Chile, the Country with the Most Restrictive Abortion Law is also a country whose leadership has a history of violence against all its people. Chile was ruled by the illegal military and criminal dictator ship of Pinochet–a despot who was put into office by Richard Nixon and the CIA and ruled from 1974 until 1990. At the time of Pinochet’s death in December of 2006, he had around 300 criminal charges pending against him for various human rights violations
In Chile, in the period 2000-2004 abortion was the third cause of maternal mortality in the country at 12%. Thirty-five percent of all pregnancies end in abortion; this is 4.5 abortions for every 100 women aged 15 to 49. While there are no accurate statistics, it is believed that between 2000 and 2002 there were between 132,000 and 160,000 abortions in the country. To circumvent legal problems, some women seek an unsafe abortion and many end up injured from it, afterward necessitating hospitalization. Once hospitalized, a woman may be reported to the police and imprisoned.

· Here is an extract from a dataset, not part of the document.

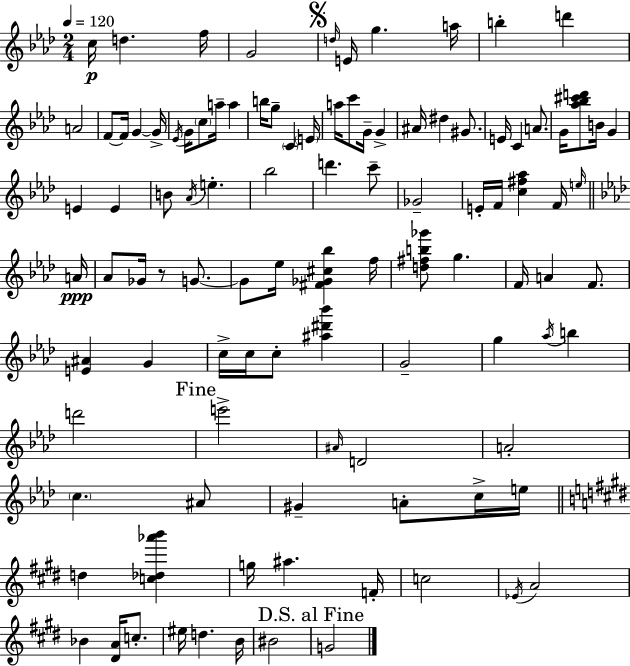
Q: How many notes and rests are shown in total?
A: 103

The illegality of therapeutic abortion extends to cases of tubal or ectopic pregnancy. Although embryos implanted in the fallopian tube cannot survive, the law requires waiting until the final stage of pregnancy before termination, risking the woman’s health and raising the probability of the loss of a fallopian tube.
Source: WIKI
If legality is not the determining factor, what drives the rates at which abortions occur in a given country?
Is your goal honestly to reduce or eliminate abortions? If it is, then there are some steps that you can take that will make a difference because even if you are someday victorious in making abortion illegal in the USA, you still will not have made any appreciable difference in the rate of abortions that are performed in this nation.
This is the first step to reducing abortions: Find the answer to what factors drive the rates at which abortions occur in a given country. Then work to reduce and perhaps even eliminate those factors.